Kinsale grows GWP 36% in Q1 as rate increases stay in low-teens
Kinsale Capital Group has reported a 48.1 percent increase in operating earnings and 36.2 percent growth in gross written premiums in the first quarter year on year, although the excess and surplus lines specialist saw submissions growth slow when compared with the fourth quarter.
- Gross written premiums up 36.2% in Q1 2021 to $168.9mn
- Combined ratio improves to 80.0% from 83.9% in prior year period
- Favourable reserve development of $7.1mn, up from $3.0m in Q1 2020
- Rates “in low teens range” in Q1, generally consistent with Q4
- Q1 submission growth in the mid-teens, down from high teens in Q4
Kinsale reported net operating earnings for the first quarter of $25.5mn, compared with $17.2mn for the first quarter of 2020.
The Richmond, Virginia-based insurer focuses on small to medium-sized accounts in the E&S market.
Gross written premiums grew 36.2 percent to $168.9mn in Q1 2021 compared with the first quarter of 2020. The company said this was driven by higher submission activity from brokers and increased rates.

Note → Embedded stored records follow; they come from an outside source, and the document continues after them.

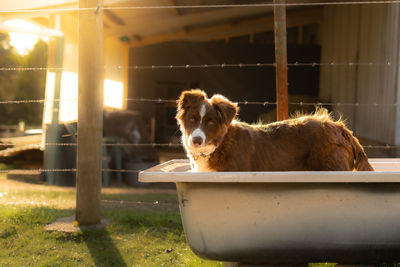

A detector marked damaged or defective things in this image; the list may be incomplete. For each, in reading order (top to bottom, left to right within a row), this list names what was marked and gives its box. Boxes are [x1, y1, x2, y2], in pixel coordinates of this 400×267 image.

rusted metal surface [272, 0, 288, 120]
rusted metal surface [141, 160, 400, 264]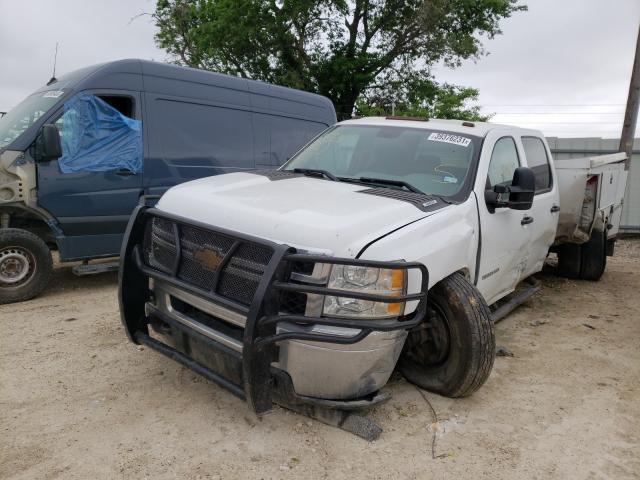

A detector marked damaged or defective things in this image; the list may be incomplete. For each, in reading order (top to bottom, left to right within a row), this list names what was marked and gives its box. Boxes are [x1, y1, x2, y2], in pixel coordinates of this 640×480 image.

damaged hood [157, 171, 448, 256]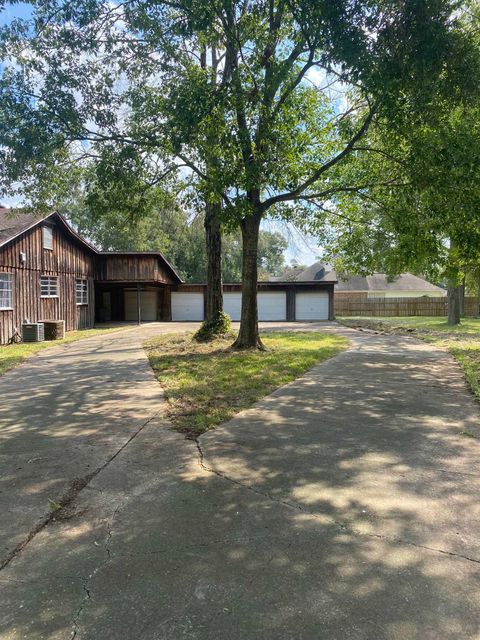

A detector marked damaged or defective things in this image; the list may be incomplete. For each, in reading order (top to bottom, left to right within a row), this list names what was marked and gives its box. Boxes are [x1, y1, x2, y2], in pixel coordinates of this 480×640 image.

cracked concrete [0, 324, 480, 640]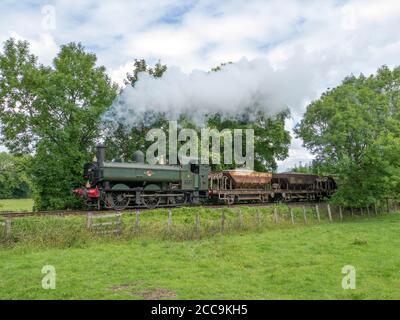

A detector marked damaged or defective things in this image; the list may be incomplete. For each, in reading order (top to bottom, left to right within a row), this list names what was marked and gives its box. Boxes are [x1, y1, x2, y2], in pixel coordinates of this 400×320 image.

rusty ballast wagon [208, 170, 274, 205]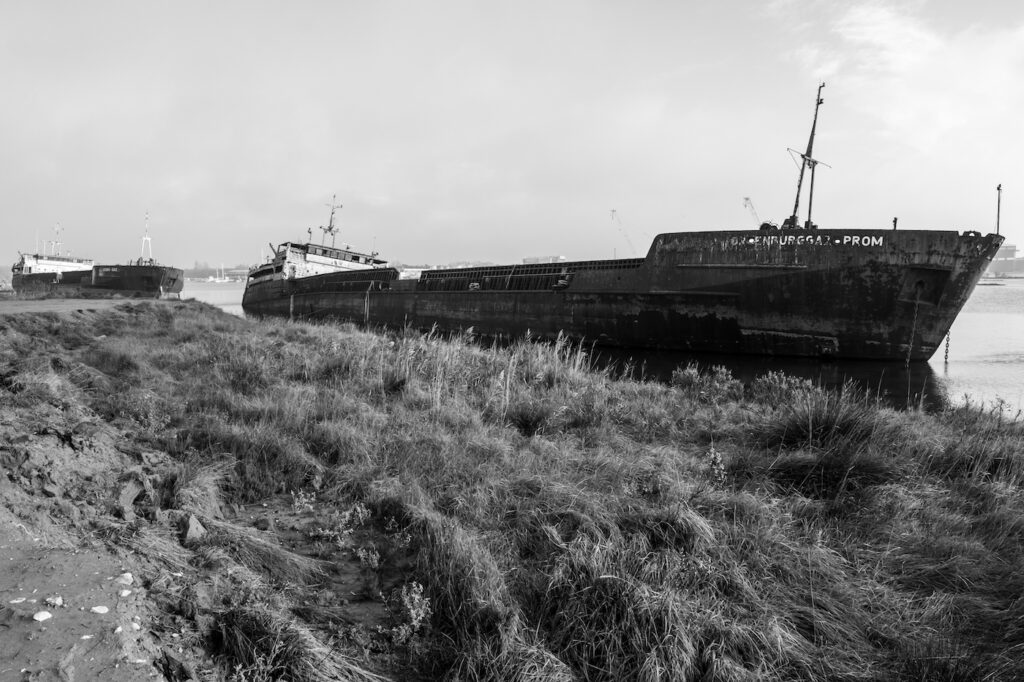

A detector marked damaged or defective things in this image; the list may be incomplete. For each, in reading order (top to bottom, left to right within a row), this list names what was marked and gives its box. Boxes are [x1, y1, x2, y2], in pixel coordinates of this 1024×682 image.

rusty ship hull [239, 228, 999, 360]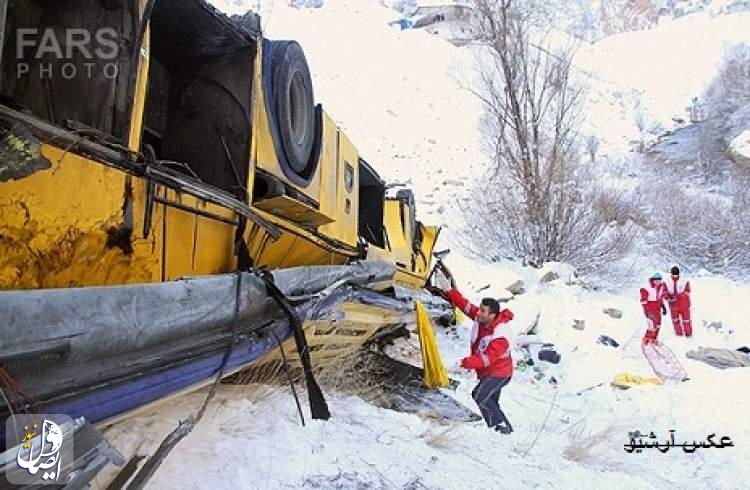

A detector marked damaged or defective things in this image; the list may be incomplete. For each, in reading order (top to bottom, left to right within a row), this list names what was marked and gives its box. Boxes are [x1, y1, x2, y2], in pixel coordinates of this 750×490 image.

overturned yellow bus [0, 0, 450, 452]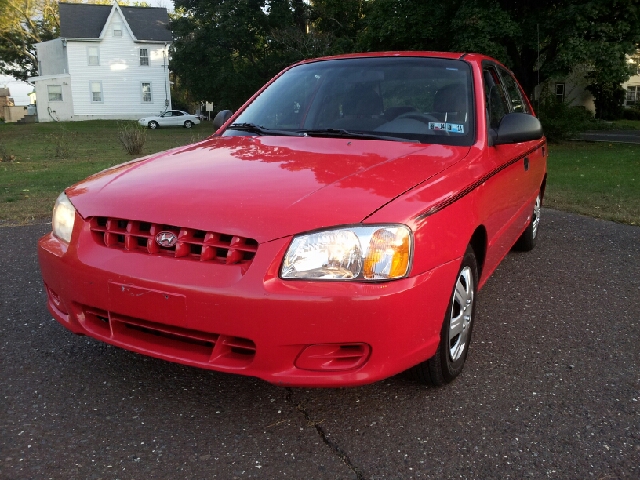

Underwriting income was $24.6mn in this year’s first quarter, resulting in a combined ratio of 80.0 percent. This compared with underwriting income of $14.4mn and a combined ratio of 83.9 percent in Q1 2020.
The increase in underwriting income was due to premium growth from a positive underwriting environment, continued rate increases and higher net favourable development of loss reserves.
Favourable reserve development of $7.1mn in this year’s first quarter improved the combined ratio by 5.7 points, compared with figures of $3.0mn and 3.3 points in Q1 2020.
On an earnings call, president and CEO Michael Kehoe commented: “Kinsale results are also benefiting from continued dislocation in the market.
“We are still seeing some carriers working through the process of correcting problems within their books of business. Some programs are being cancelled, capacity withdrawn or standard business being pushed into the nonstandard market, et cetera.
“This process has been going on for the last two years or so, and we expect it to continue for the duration of 2021 and possibly longer.”
Chief operating officer Brian Haney said that Kinisale’s submission growth was in the mid-teens in the first quarter, down from the high teens in the fourth quarter.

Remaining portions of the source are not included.